Winnie the Pooh: Blood and Honey, Rhys Frake-Waterfield tarafından yönetilen bir korku filmi, A.A. Milne’in sevilen karakterlerini tamamen farklı bir bağlamda, aç ve terk edilmiş vahşi yaratıklar olarak sunuyor. Film, Christopher Robin’in ormandaki eski dostlarını ziyaret etmesi ve onların artık masum olmayan, insanlara saldıran canavarlara dönüştüğünü keşfetmesiyle başlıyor.
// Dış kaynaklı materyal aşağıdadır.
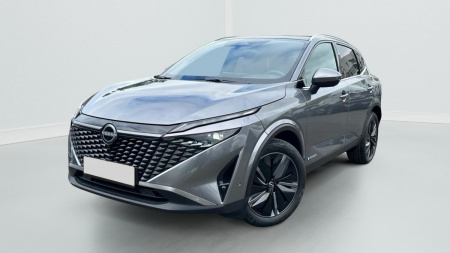 364156_p2 - NISSAN - QASHQAI - 2025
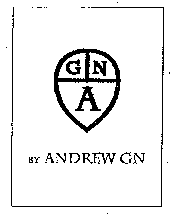 GNA BY ANDREW GN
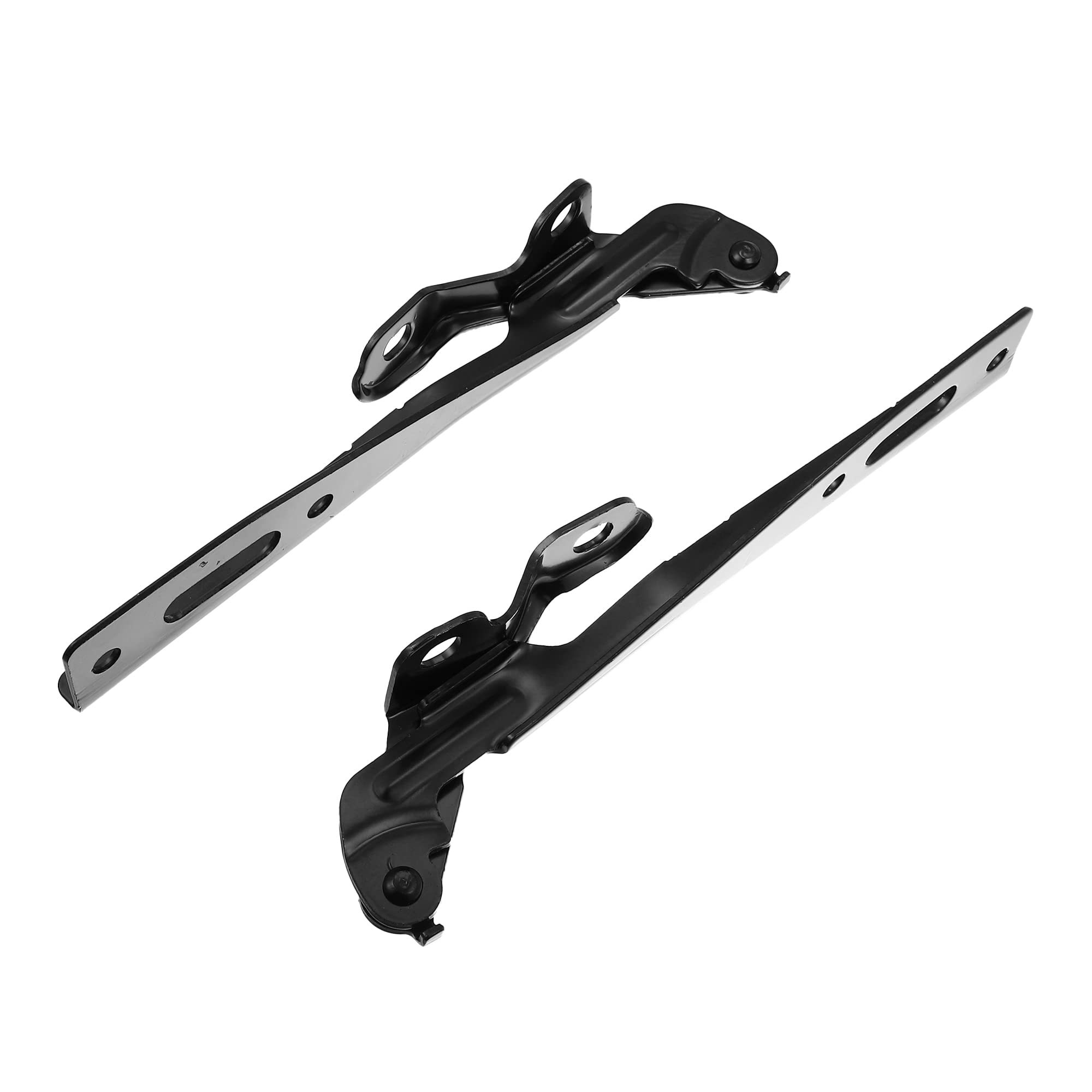 Amazon.com: X AUTOHAUX Hood Hinge for Honda Accord 2016 2017 60170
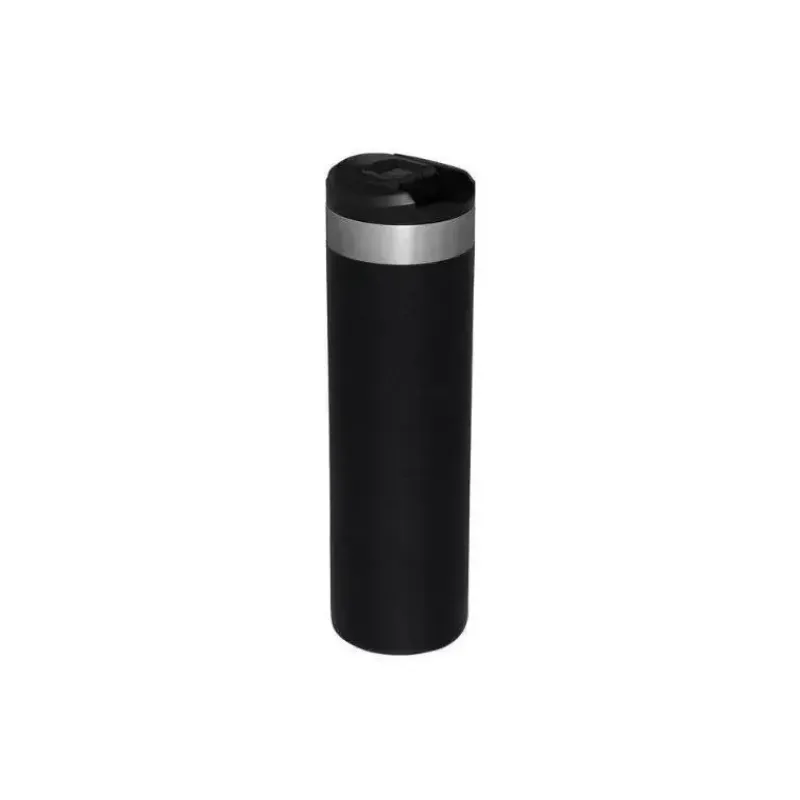 stanley__garrafa_de_trnsi_SKUNHWSZnI8_1.webp Stanley - garrafa de trânsito AeroLight de aço inoxidável de 20 onças, preta Clearance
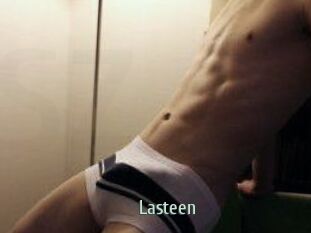 Lasteen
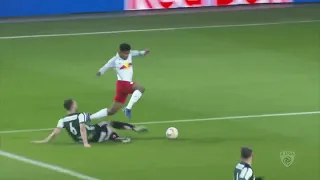 Karim Adeyemi vs Ried 2. Liga (15/03/2019)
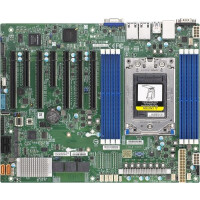 Supermicro H12SSL-C - Motherboard - ATX - Socket SP3...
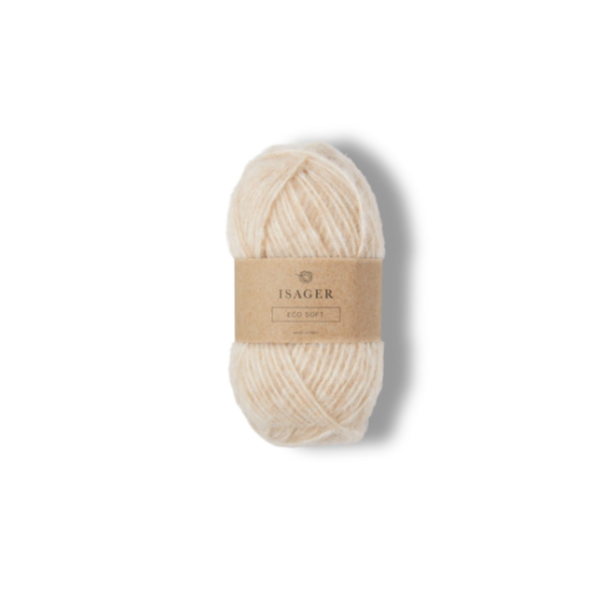 Isager Soft - E6S - 392731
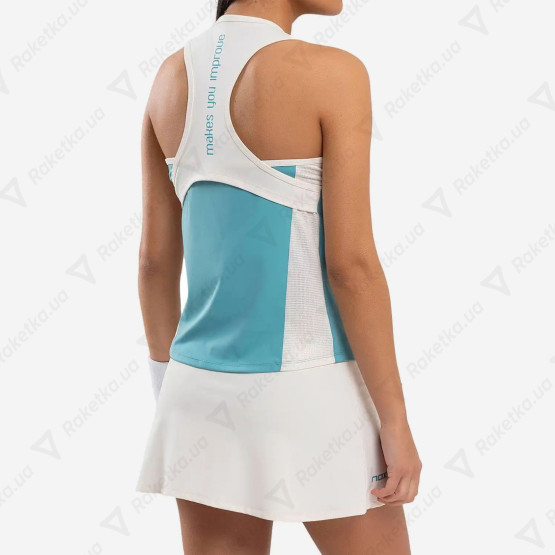Nox Tank Top Pro T25SSMCATDT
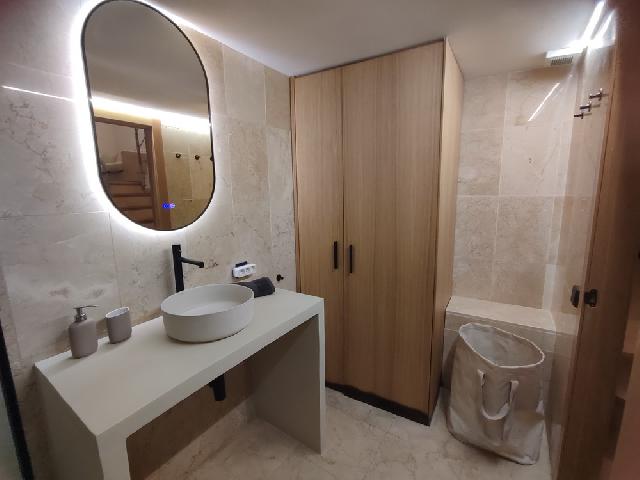 Imagen 9 Inmueble 298054 - Dúplex en venta en Felanitx / Piso en venta en Felanitx centro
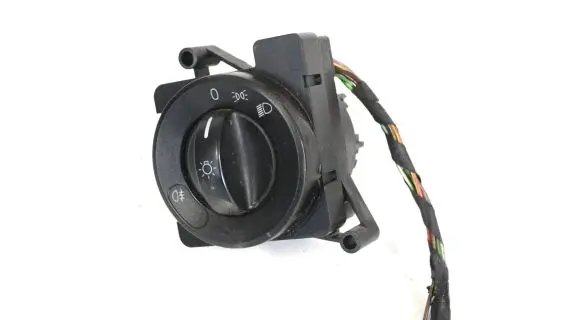 Mercedes-Benz Sprinter W906 Light switch A9065450104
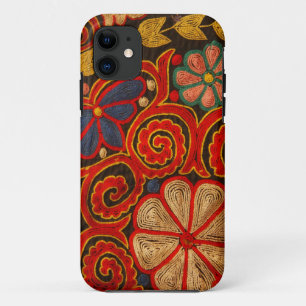 Funda Para iPhone 11 Modelo de Mongolia
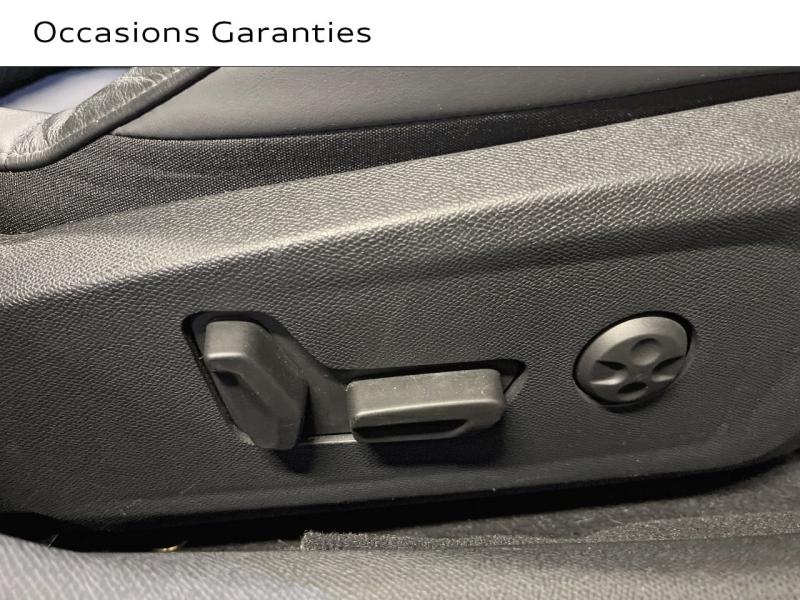 Voitures occasions PEUGEOT 508 SW GT Paris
Bu beklenmedik dönüşüm, çocukluk hayal gücünden beslenen bir kurgunun karanlık bir versiyonunu ortaya koyuyor.
Christopher Robin’in ormanına dönüşü ve sevgi ve temel beslenme için ona bağlı olan Pooh ve Piglet’ın deliye dönmesi, onun çocukluğunun terk edilmesinin sadece lirik ve üzücü değil, aynı zamanda ihmal edici bir kötüye kullanım olduğunu gösteriyor.
Her iki inceleme de, Winnie the Pooh: Blood and Honey‘nin, bazı açılardan büyük ölçüde yetersiz kaldığını ve potansiyel olarak ilginç sıradan bir uygulamayla sunarak izleyiciyi hayal kırıklığına uğrattığını vurguluyor. Hikaye ve karakter gelişimindeki eksiklikler, filmi sadece merak uyandıran bir deneyim olarak bırakıyor, ancak çoğunlukla hayal kırıklığı yaratan bir yapım olarak değerlendiriliyor.